Quebec construction laws spark protest 1992-12-14

Quebec construction laws spark protest
The Toronto Star Monday, BUSINESS TODAY December 14, 1992 (B4)
SUBJECT: construction regulation Quebec
OTTAWA – When former boxing champ Gaetan Hart put on his carpenter’s gear to get some training money and pre-fight publicity in June, he got more than he counted on.

An inspector from the Quebec Construction Commission spotted him on an Aylmer residential construction job. Shortly after a television crew left, Hart got a summons to pay a $150 fine. He was caught again in August – this time for $300 – working without one of the 6,000 work permits that all Outaouais-area construction workers need to work.

Hart says he will go to jail rather than pay the fines when his case comes up in a Hull court in February. « I don’t think I should be fined for wanting to work rather than take welfare. » An experienced carpenter, Hart worked legally for years in the Outaouais before his boxing career took off in the early ’80s. But when it faded, he was denied a new permit because of work shortages.

The Quebec construction laws that keep Ontario workers out of the Outaouais area have long been a touchy issue along the border between the provinces.

What many Ontarians don’t know is the tough regulations appear to be forcing some Quebec residents to flee their province to
find work. Take Hart for example. « I want to work in Quebec where everybody knows me from my boxing career. But the only peoplewho will give me work is Ontario companies. »

Since hanging up his gloves after his last fight in October, Hart has worked for a Cornwall-based company, selling and installing alarm systems. « The problem is this Quebec law; it’s very stupid. » His boss and friend, cement contractor Jocelyn Dumais, also faces a fine of $1,600 for employing Hart last summer. The two are teaming up with scores of other construction workers to fight the permit system that forces them to « travailler au noir » in the huge Quebec construction black market.

But Jean Therrien, the director of the Hull office of the Quebec Construction Commission, said Hart was treated no differently from anyone else in a regulated industry. »When you have 35 to 40 per cent unemployment in construction, how can you issue cards to people who want to work in construction for a while and then go back to their regular jobs when things get better? »

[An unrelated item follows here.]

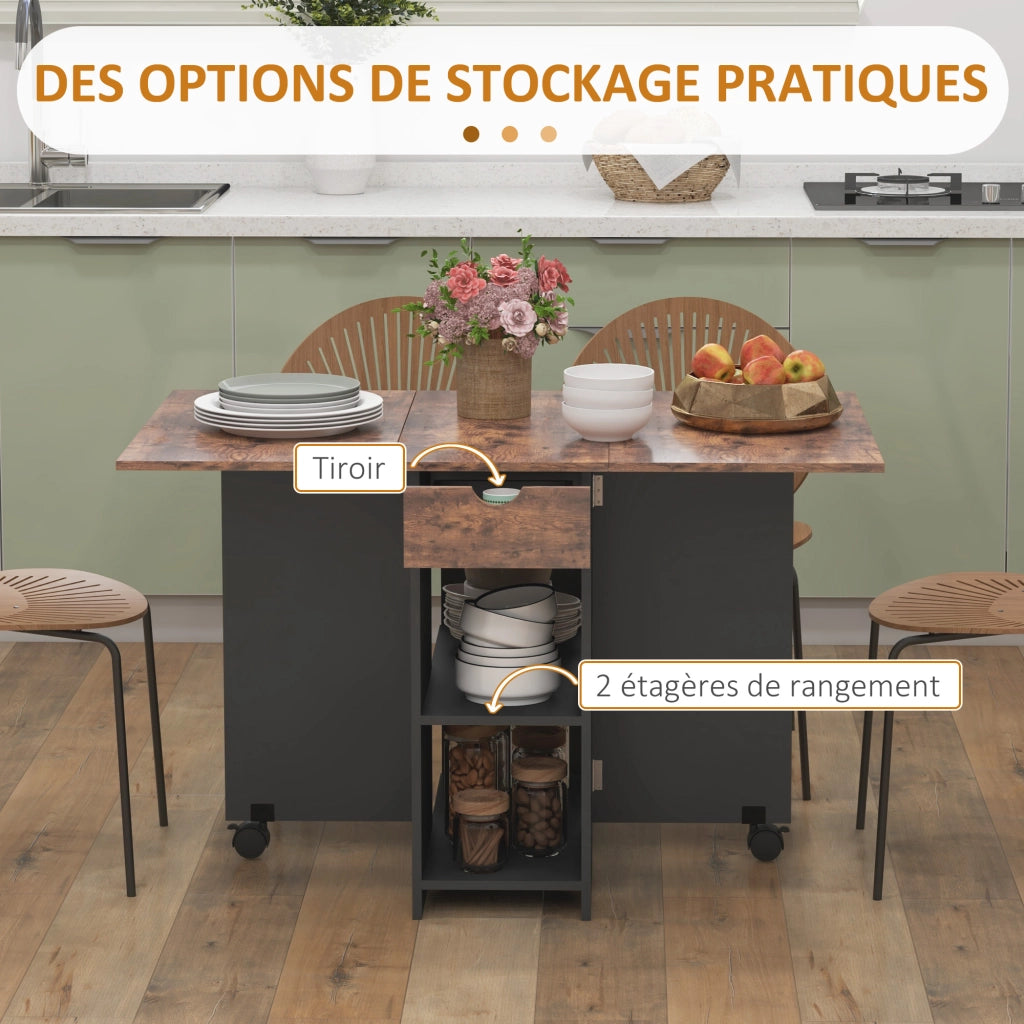 Tavolo da pranzo pieghevole ed estensibile ¨C zephmum ¨C rustico nero 120x72x75 cm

But Dumais said: « The permit system turns law-abiding people into criminals. They want to put food on the table but they get treated worse than illegal immigrants. »
Researcher Mike Dagg said 369 charges were laid by construction inspectors over the last two years in the Outaouais. « It’s a system that encourages total disrespect for the law. »

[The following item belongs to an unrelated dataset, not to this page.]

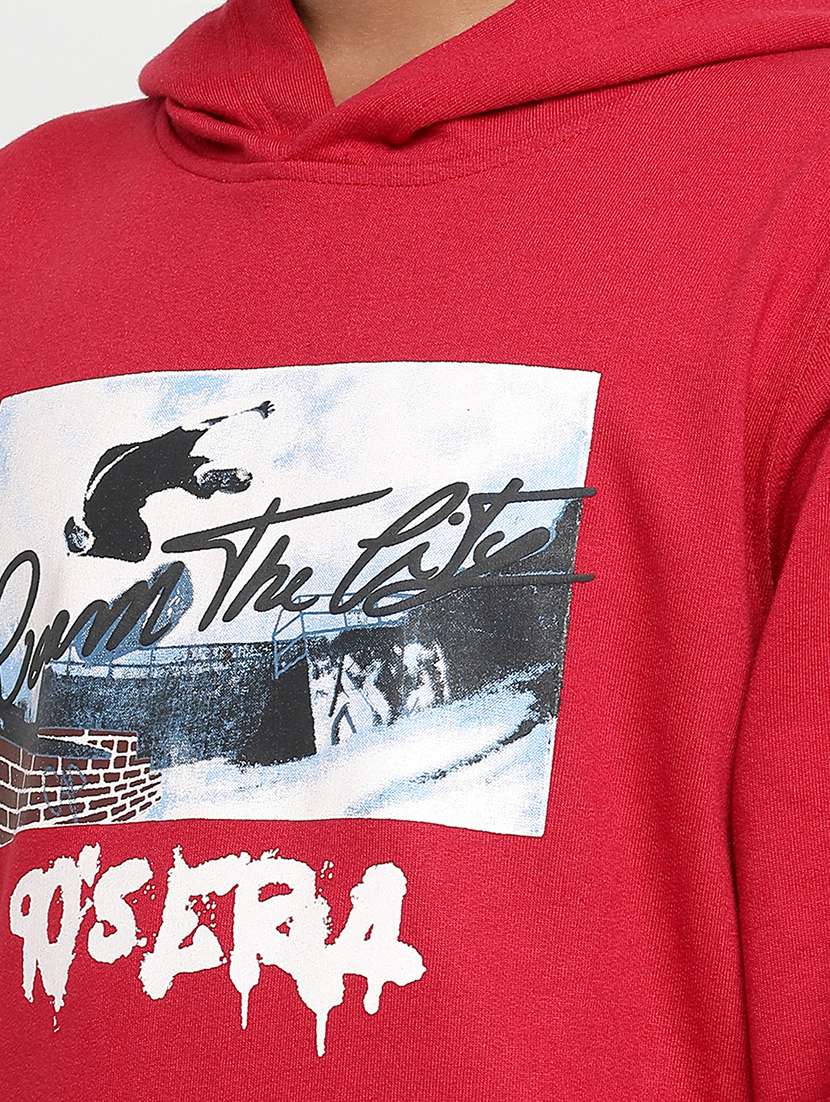 red cotton blend chest print sweatshirt - 20571225 -  Standard Image - 4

The Dumais group has found a lawyer who is willing to fight the charges for a small fee. In the past, most workers paid the fines because they couldn’t afford to lose a day’s work in court. And they are organizing a political lobby to try to change the tough laws that make Quebec construction unique in North America.
But Therrien said his office works just like construction union hiring halls in Ontario – ensuring that qualified and experienced workers get top priority for available jobs.

Another storm is brewing in New Brunswick after St. John contractor Randy Brown was fined and his crews werekicked off a Montreal hotel job.He is suing, and N.B. Premier Frank McKenna has threatened retaliation against Quebec contractors if the provincial barrier doesn’t come down.

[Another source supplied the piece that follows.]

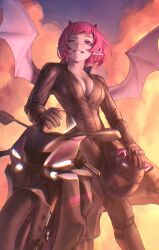 Rule 34 | 1girl, absurdres, bat wings, biker clothes, bikesuit, black gloves, blunt bangs, bodysuit, breasts, character request, cleavage, copyright request, gloves, helmet, highres, holding, holding helmet, horns, leaning against motorcycle, looking at viewer, motor vehicle, motorcycle, motorcycle helmet, no bra, numanoan, one eye closed, outdoors, pink hair, pointy ears, short hair, smile, standing, standing on one leg, sunset, unzipped, wings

But Quebec told the recent federal- provincial conference on internal trade barriers it wants to discuss wine and spirits issues before it considers construction issues. Under Quebec construction law, all workers and contractors must belong to central unions or contractor organizations, which bargain every three years.

The Quebec Construction Commission runs the system and rations the work permits of about 120,000 workers according to the work available and turnover in the work force. Government inspectors check construction sites regularly looking for workers who don’t have permits, do jobs they’re not qualified for, lack safety certificates or aren’t paid the official rate of $17 to $21 an hour.

They are widely feared. If an inspector suddenly appears, illegal workers jump into dumpsters, hide in closets or simply run away.« We have problems on some job sites but not on most, » Therrien said. « There is a black market in many other parts of life because people want to enjoy the benefits without paying for them. »

The system was introduced in the mid-’70s to end violence and a major political confrontation over work on the huge James Bay hydro construction jobs.

But it appears to encourage illegal work activity – particularly during recessions when work is scarce. Economics is the driving force. Many tradesmen and contractors negotiate under-the-table deals at wages both can live with.
Laval University professor Pierre Frechette has calculated the black market is costing the Quebec economy $2.5 billion annually in lost wages, unpaid taxes and lost opportunities for businesses that play by the rules.

The Quebec Contractors Association, which represents all contractors in the system, estimates that up to 35 per cent of all construction work is illegal.